• **Exercise description**:
Could you restate, exactly and with nothing added, the lines from the start of the data through the line that holds "Next, you'll have", leaving the pictures out?

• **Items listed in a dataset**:
· · · ·
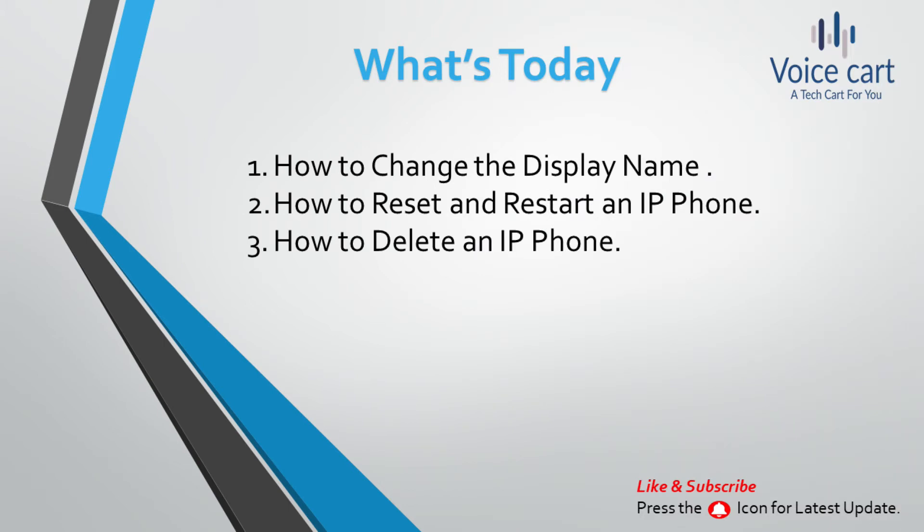In this video, we will check out three features you can do on your soft phone using Call Manager. You can change the display name on your soft phone, and the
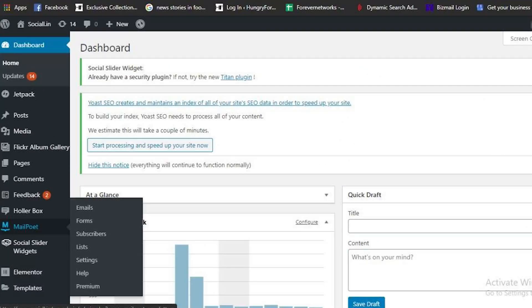Next, you'll have to go to MailPoet, then go to Lists, and create a new list. This list name will not be visible to your subscribers, so feel free to be creative. Then click on Save Changes.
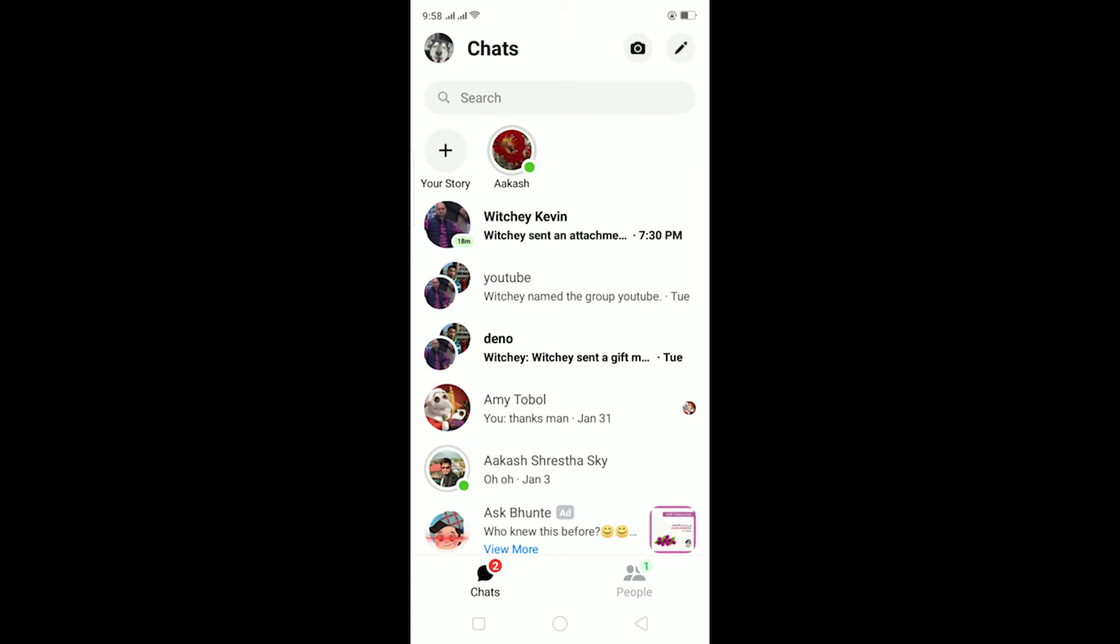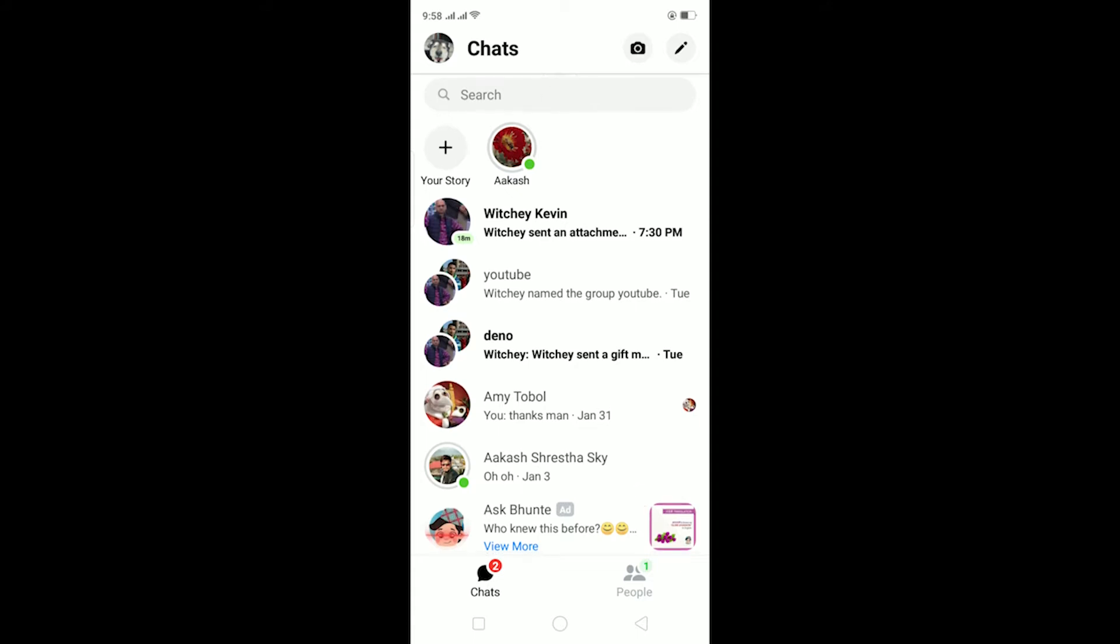You can also save it individually by going on it and clicking the photo, but it's going to take a long time if somebody sends you like 50 or 20 photos. You'd have to go individually through the photos and videos and download them.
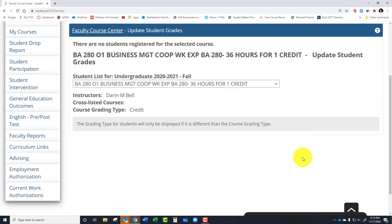It's not going to have any students for me, but what it's going to show you is that you're going to be able to enter midterm grades. You can enter a U or an S — U is Unsatisfactory, S is Satisfactory. Typically for our courses, a passing grade is going to be a C. So maybe below a C is considered unsatisfactory.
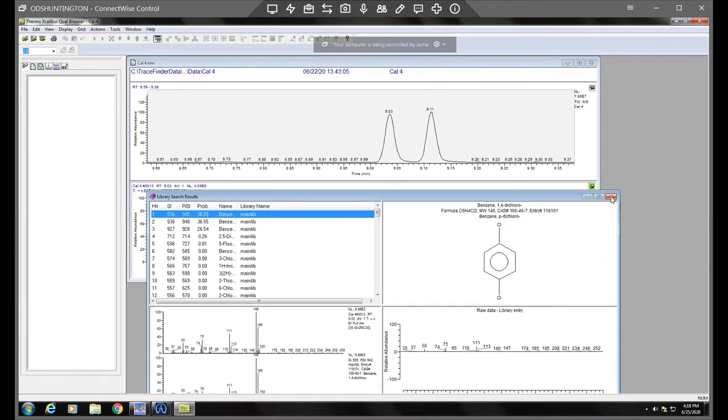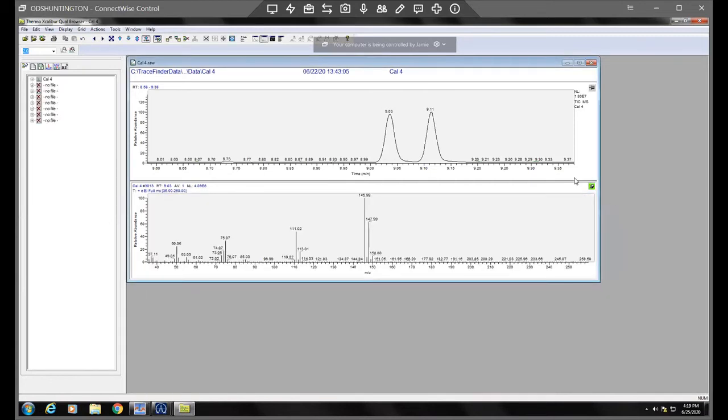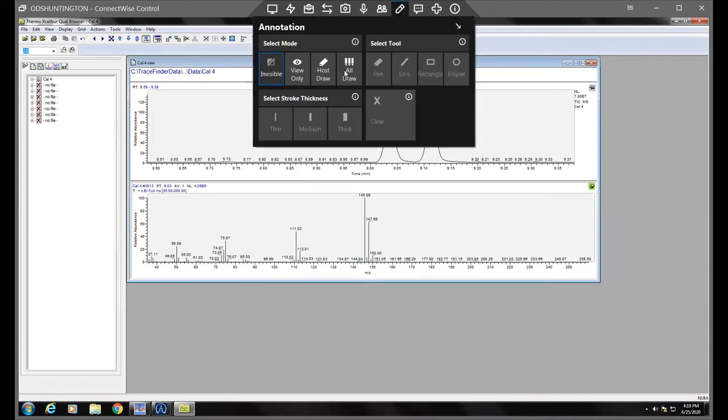The other video had shown how you go into the master method and update those. So I just wanted to show you how you would verify the actual identification of those compounds. I'm going to show one other example.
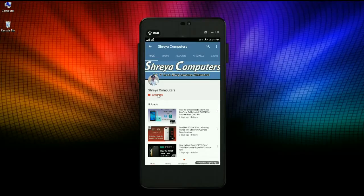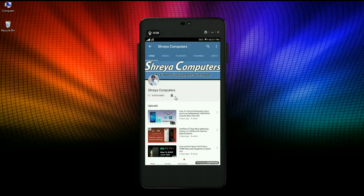Subscribe to our Sreya Computer channel and press the bell icon to watch the latest technology videos first. To make this ROM backup, let's get started friends.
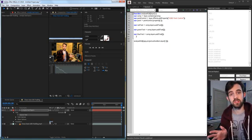Pasting the expression into the source text shows a small error because the layer name isn't substituted yet. After typing in the actual layer name, a number appears in the composition. Moving the point control around updates the number accordingly, confirming we're successfully reading the R channel value by calling the first index of the sampled color array.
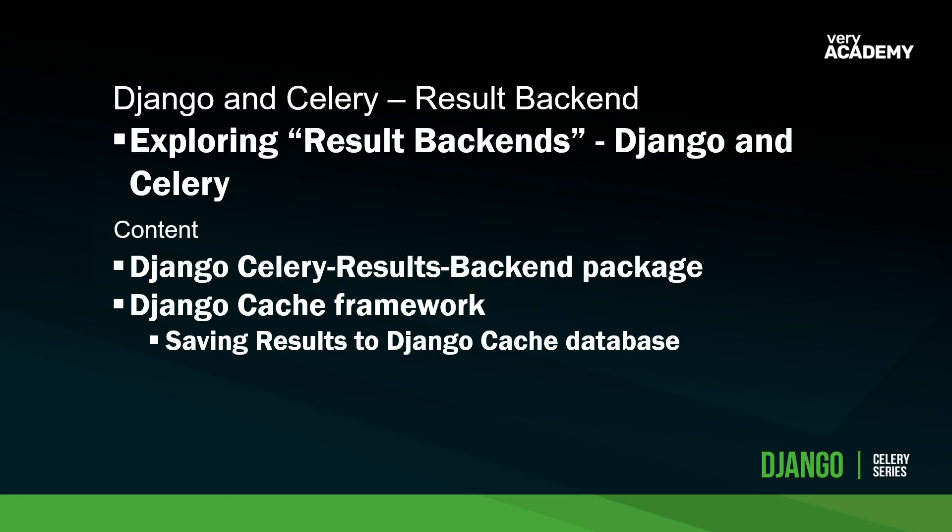So this tutorial represents a small building block of knowledge as we further develop our understanding and knowledge of Celery and utilizing Celery in Django. Thank you for watching. Hopefully, this has opened up a few different avenues, particularly Django cache framework. The cache framework is something that we haven't covered yet in any Django series, but it's definitely something that we need to look closer at further along the line. Thank you very much and I'll see you in the next tutorial.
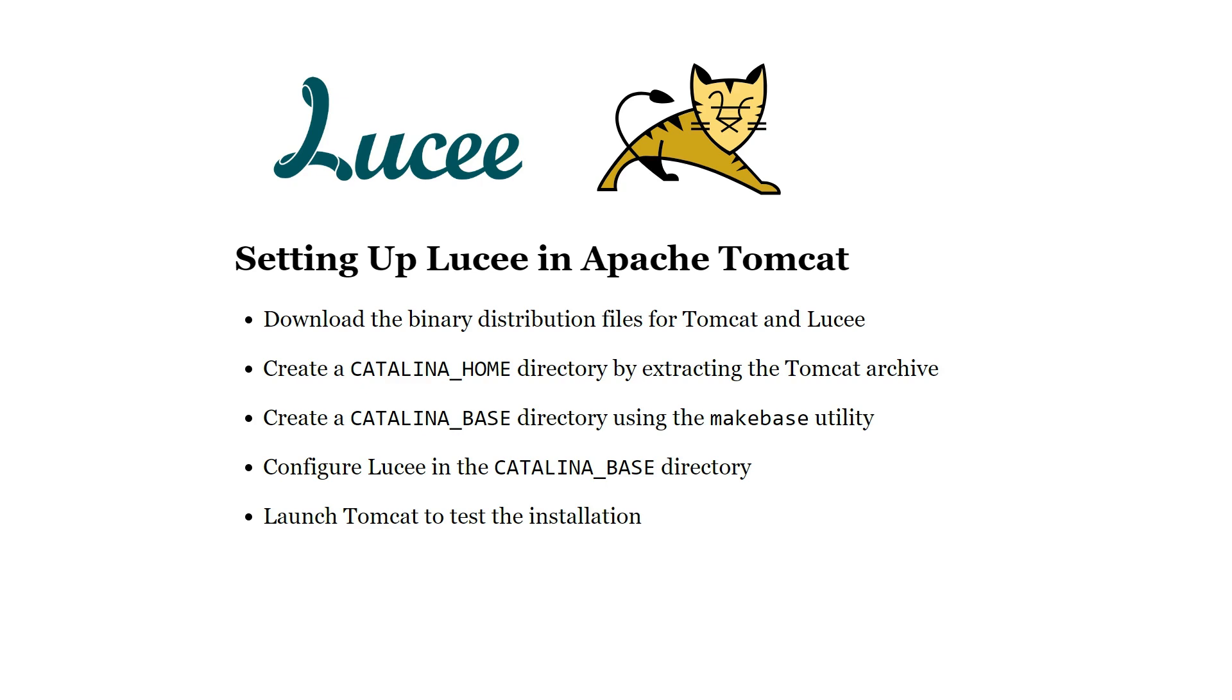Hello. In this video I will show you how to easily set up Lucee in Tomcat. Lucee is a servlet and therefore needs to run inside a servlet container and Tomcat is the most popular servlet container in the market.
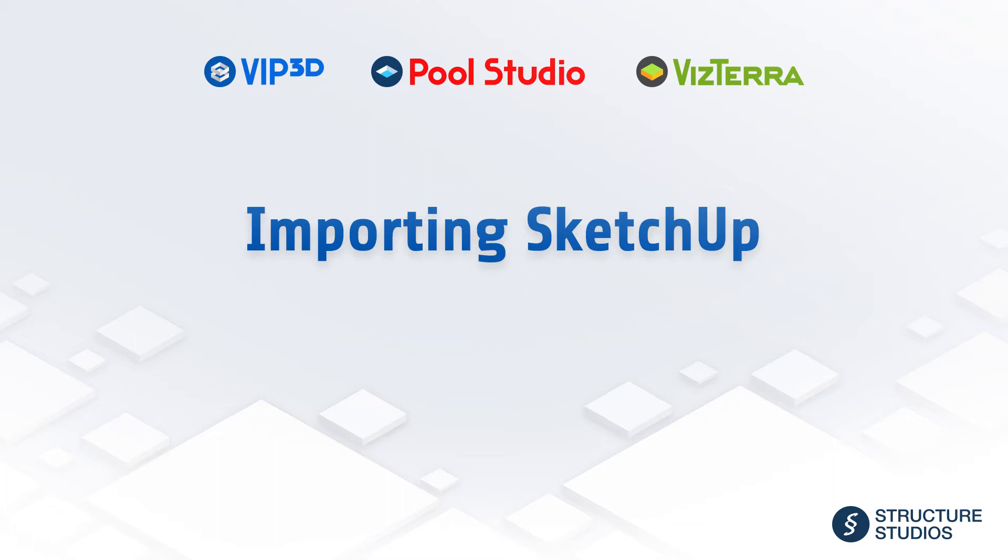Welcome to the online video series presented by Structure Studios. This video will teach us how to import SketchUp objects.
· · · ·
• **The completed task**:
In this video, we will check out three features you can do on your soft phone using Call Manager. You can change the display name on your soft phone, and the
Next, you'll have to go to MailPoet, then go to Lists, and create a new list. This list name will not be visible to your subscribers, so feel free to be creative. Then click on Save Changes.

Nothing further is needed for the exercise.